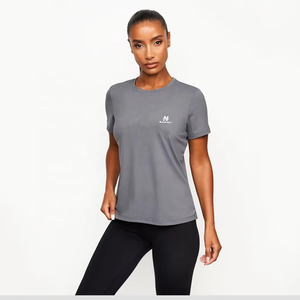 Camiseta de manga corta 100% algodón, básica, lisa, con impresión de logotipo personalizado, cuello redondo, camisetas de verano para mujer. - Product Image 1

--

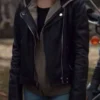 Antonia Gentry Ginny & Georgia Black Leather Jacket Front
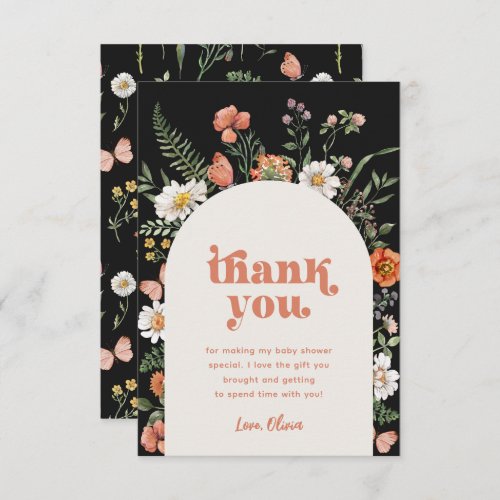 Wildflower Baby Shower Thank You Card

==

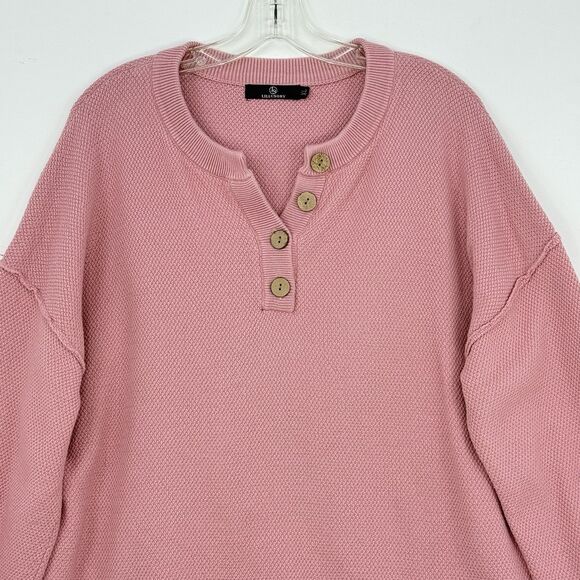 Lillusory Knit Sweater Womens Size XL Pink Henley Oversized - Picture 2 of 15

__What is required__: The answer must be the part of the records that opens with the line containing "Antonia Gentry Ginny" and closes with the line containing "Wildflower Baby Shower Thank You Card", reproduced exactly, with no pictures.

__Solution to the problem__:
 Antonia Gentry Ginny & Georgia Black Leather Jacket Front
 Wildflower Baby Shower Thank You Card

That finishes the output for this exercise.